Because the settings and characters are different doesn't mean these two films aren't similar and obviously relateable in many other more basic respects. I never claimed all the surface specifics are the same, though as you rightly note the plots hinge on the murder of a young woman in water who somehow is able to contact the living. One isn't a re-make of the other, but both use the same basics of the supernatural thriller.
If you found
The Gift new and mysterious, good for you, I'm glad you could enjoy it. But as should be clear to most anybody who has seen a couple dozen of these types of thrillers, it is obvious from the first twenty minutes exactly who the killer is and who the red herrings are. The cliche elements, a clear example being ridiculously going to the murder scene in the middle of the night with a suspect, are annoying to me if they aren't put in the context of, 'OK, we know this is a silly cliche, but we're doing it anyway'. That's the spirit I get out of
What Lies Beneath, and what I find completely absent in
The Gift.
For some of the many previous entries of Mediums psychically discovering clues to murder, check out
The Eyes of Laura Mars, Black Rainbow, The Sender, The Dead Zone, Dead Again, and
The Medusa Touch.
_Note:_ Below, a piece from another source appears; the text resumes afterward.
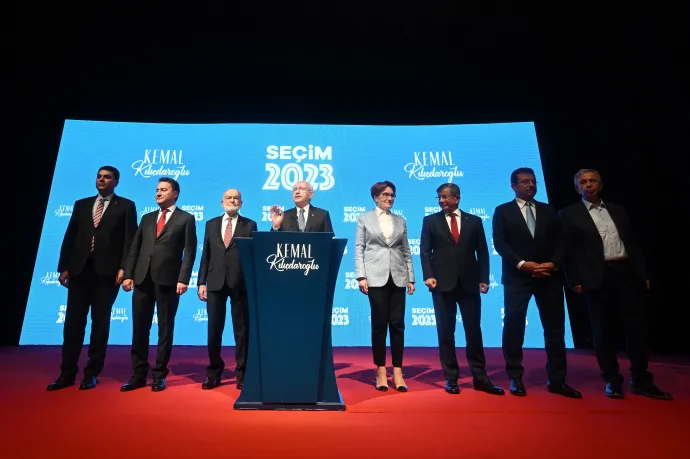 Kemal Kılıçdaroğlu és az őt támogató pártok vezetői – Fotó: Evrim Aydin / Anadolu Agency / Anadolu Agency via AFP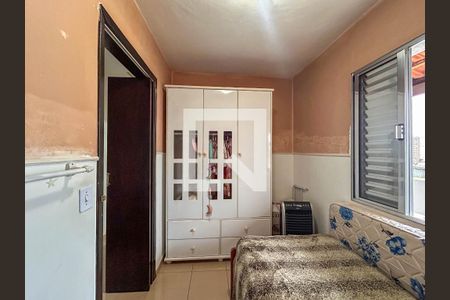 Casa à venda com 232m², 5 quartos e 2 vagas Casa à venda com 232m², 5 quartos e 2 vagasQuarto 2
For similar thrillers where the murderer is so obviously 'hidden', check out
Kiss the Girls, The General's Daughter, Jade, Whispers in the Dark, Color of Night, Striking Distance and
Dressed to Kill. That's a sampling off the top of my head, I'm sure I could come up with others. After you watch even just four or five of these types of flicks,
The Gift becomes painfully dull and obvious, clear from the trailer who the killer is and how the plot will develop.
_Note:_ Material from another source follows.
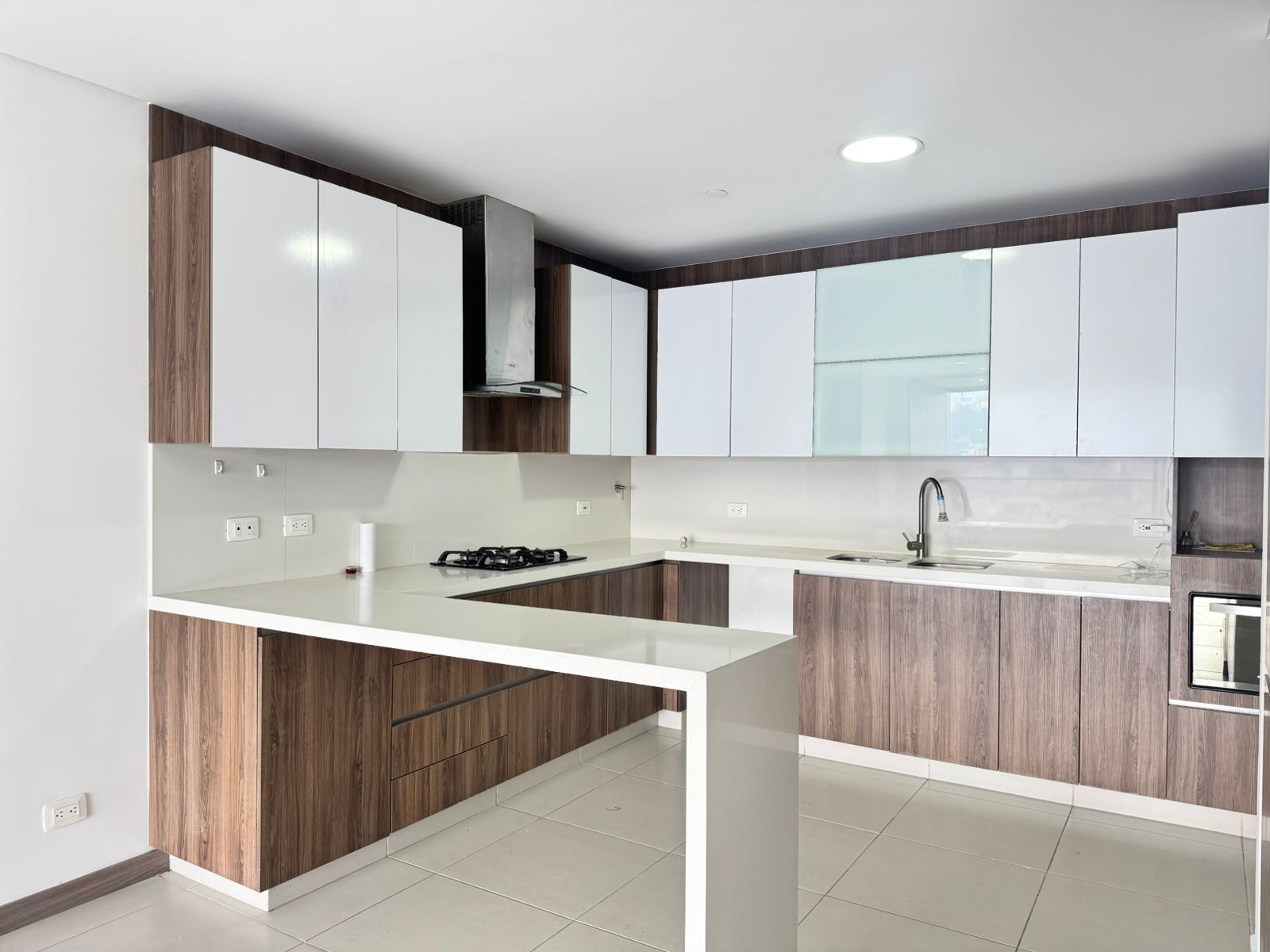 Apartamento en venta en Loma Benedictinos, Envigado · foto 8 de 18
That's why I say if it was done with some level of self-awareness, some kind of parody bult into it, it could have been fun (as
What Lies Beneath was for me). As is, Sam Raimi (who I usually like and respect as a filmmaker) presents
The Gift as if these ideas are brand new, not cliches, but that they should be surprising and thrilling. If you haven't seen a lot of these kinds of movies or put your brain on auto-pilot, I guess it could be. But for me there wasn't even one thing in the narrative that was new.
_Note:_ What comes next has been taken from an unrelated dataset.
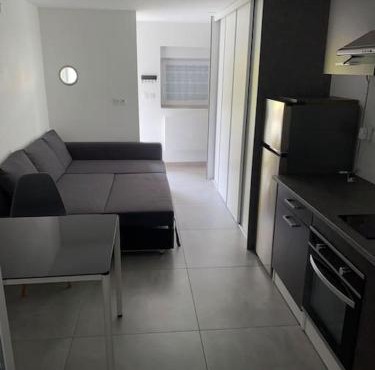 Studio moderne entièrement rénové.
The Gift's cinematography is nice, some of the effects work well, and the (mostly) good cast does the best with what they're given, but for me personally this was an extremely obvious and witless exercise, therefore extremely disappointing. On the other hand,
What Lies Beneath was just as obvious, but had fun with it, and was much better than I hoped for - a plesant surprise.
And as for Katie Holmes' nudity, there are some (all-too) breif shots of her naked before she is killed that are mixed into that montage at the end. If you carefully navigate through it with a pause button, her very nice bare breasts can be seen as she removes her shirt. God bless modern technology!